Here is a recursive implementation of the Subset sum problem:
using System;
namespace Exercise
{
class SubsetSum
{
static void Main(string[] args)
{
set = new int[] { 2, 3, 1, -1};
PrintSet(set, "Initial Set.");
sum = 4;
Console.WriteLine("Wanted sum = {0}", sum);
FindSubsetSum();
}
//-------------------------------------------------------------
static int[] set;
static int[] subSetIndexes;
static int sum;
static int numberOfSubsetSums;
//------------------------------------------------------------
/*
Method: FindSubsetSum()
*/
private static void FindSubsetSum()
{
numberOfSubsetSums = 0;
int numberOfElements = set.Length;
FindPowerSet(numberOfElements);
}
//-------------------------------------------------------------
/*
Method: FindPowerSet(int n, int k)
*/
private static void FindPowerSet(int n)
{
// Super set - all sets with size: 0, 1, ..., n - 1
for (int k = 0; k <= n - 1; k++)
{
subSetIndexes = new int[k];
CombinationsNoRepetition(k, 0, n - 1);
}
if (numberOfSubsetSums == 0)
{
Console.WriteLine("No subsets with wanted sum exist.");
}
}
//-------------------------------------------------------------
/*
Method: CombinationsNoRepetition(int k, int iBegin, int iEnd);
*/
private static void CombinationsNoRepetition(int k, int iBegin, int iEnd)
{
if (k == 0)
{
PrintSubSet();
return;
}
for (int i = iBegin; i <= iEnd; i++)
{
subSetIndexes[k - 1] = i;
++iBegin;
CombinationsNoRepetition(k - 1, iBegin, iEnd);
}
}
}
}
Input:
-
Output:
Initial Set.
{2 ,3 ,1 ,-1}
Wanted sum = 4
(1 ,3)
(-1 ,3 ,2)
The algorithm is based on finding the Power set except the trivial empty set of indexes, which is in turn based on finding all the combinationswithout repetition of indexes with size 1, 2,..., n.

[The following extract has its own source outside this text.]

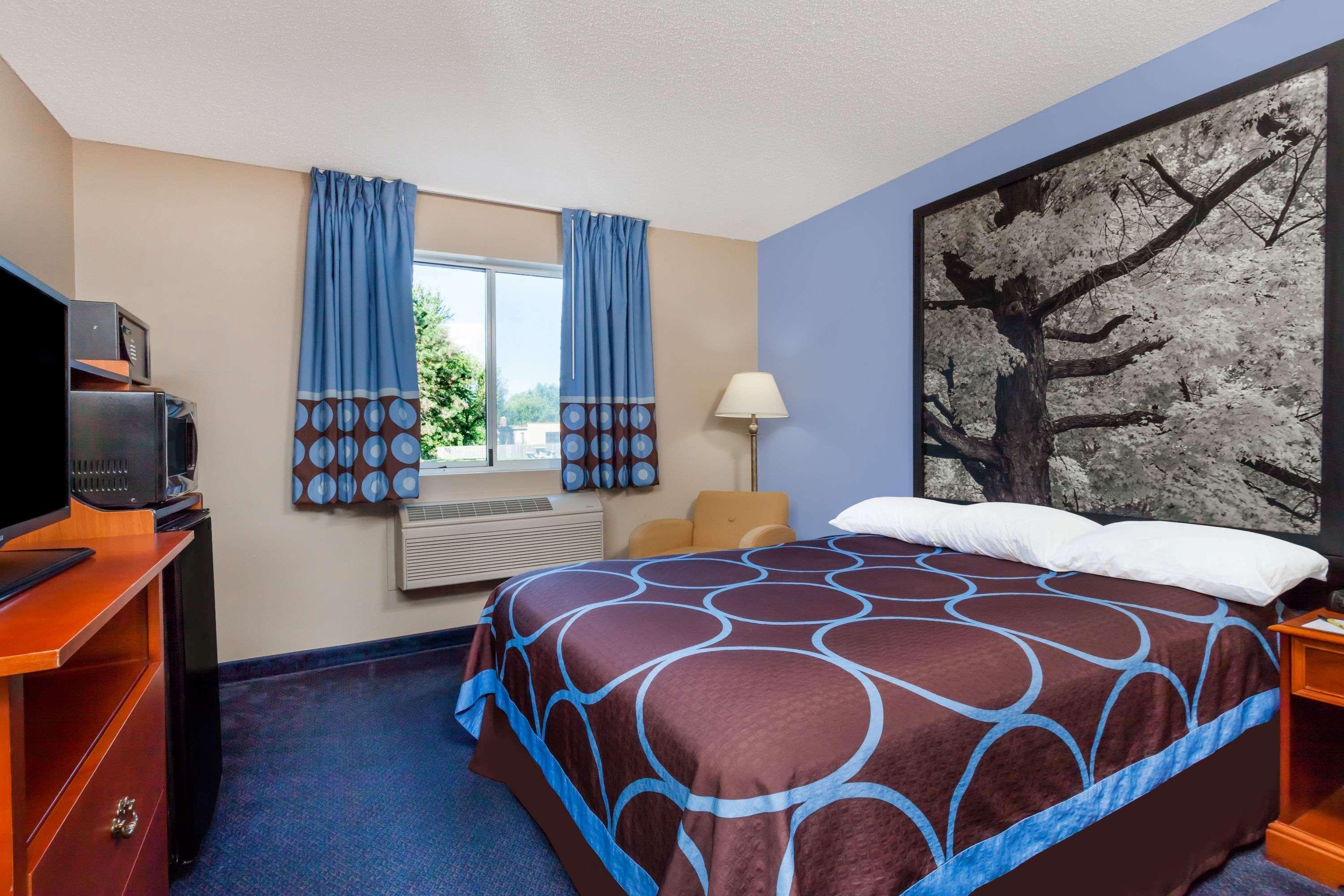 Hotel Super 8 By Wyndham Adrian Exteriér fotografie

Then the sets of indexes corresponding to array elements with the wanted sum are printed.
Any comments regarding the style and implementation will be appreciated.
Is the complexity of this algorithm 2n, where n - number of elements in the array?

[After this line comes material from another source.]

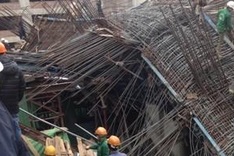 Officials suspended after scaffold collapse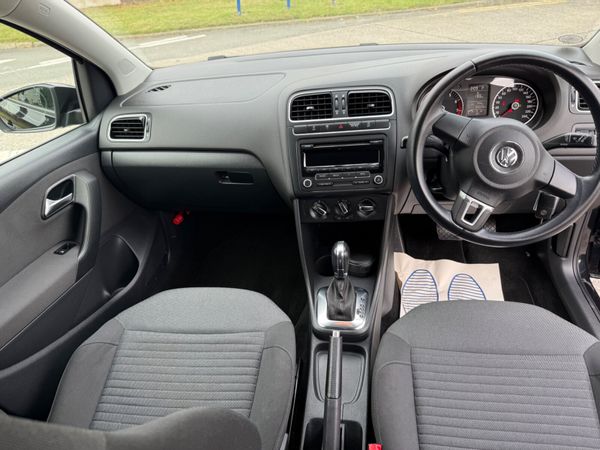 Volkswagen polo 2012 Auto 53,000 kms 369859415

Is there more efficient approach to that problem, probably iteration instead of recursion?
Here are the helper functions:
private static void PrintSubSet()
{
int currentSubsetSum = 0;
// accumulate sum of current subset
for (int i = 0; i < subSetIndexes.Length; i++)
{
currentSubsetSum += set[subSetIndexes[i]];
}
// if wanted sum: print current subset elements
if (currentSubsetSum == sum)
{
++numberOfSubsetSums;
Console.Write("(");
for (int i = 0; i < subSetIndexes.Length; i++)
{
Console.Write(set[subSetIndexes[i]]);
if (i < subSetIndexes.Length - 1)
{
Console.Write(" ,");
}
}
Console.WriteLine(")");
}
}
//-------------------------------------------------------------
private static void PrintSet(int[] arr, string label = "")
{
Console.WriteLine(label);
Console.Write("{");
for (int i = 0; i < arr.Length; i++)
{
Console.Write(arr[i]);
if (i < arr.Length - 1)
{
Console.Write(" ,");
}
}
Console.WriteLine("}");
}
2 Answers 2
My major critique of your code is that you mix up all kinds of concerns all over the place. The code that computes the subsets also does the printing and the counting and all that stuff.

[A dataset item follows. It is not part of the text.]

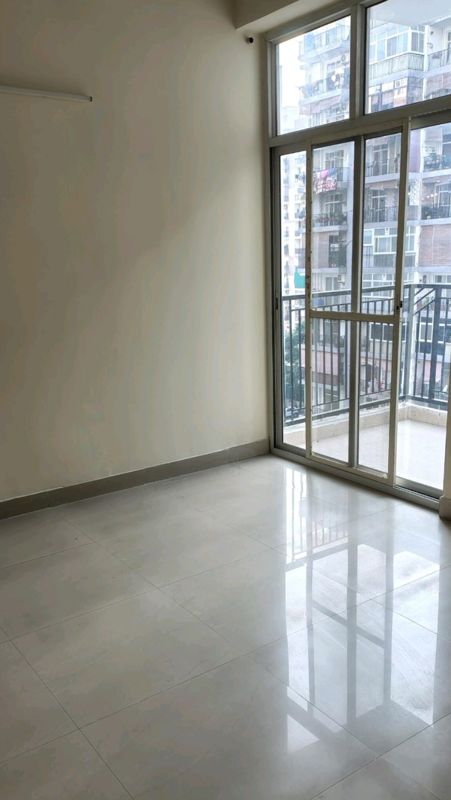 3.5 BHK + Servant Room Apartment For Rent in Skytech Matrott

Some thoughts on how to improve this:
The problem is the subset sum problem. Its input is a set of integers. So why do you do everything in arrays? Make a class
Set
, or use an existing class, and have that represent your set of integers.Once you have that class, build basic operations out of it. So for example, a
Set<T>
should have aPowerSet
member, which returnsSet<Set<T>>
, or even better,EnumeratePowerSet
, which returnsIEnumerable<Set<T>>
.Now that you have those operations, you can use LINQ to do queries against them.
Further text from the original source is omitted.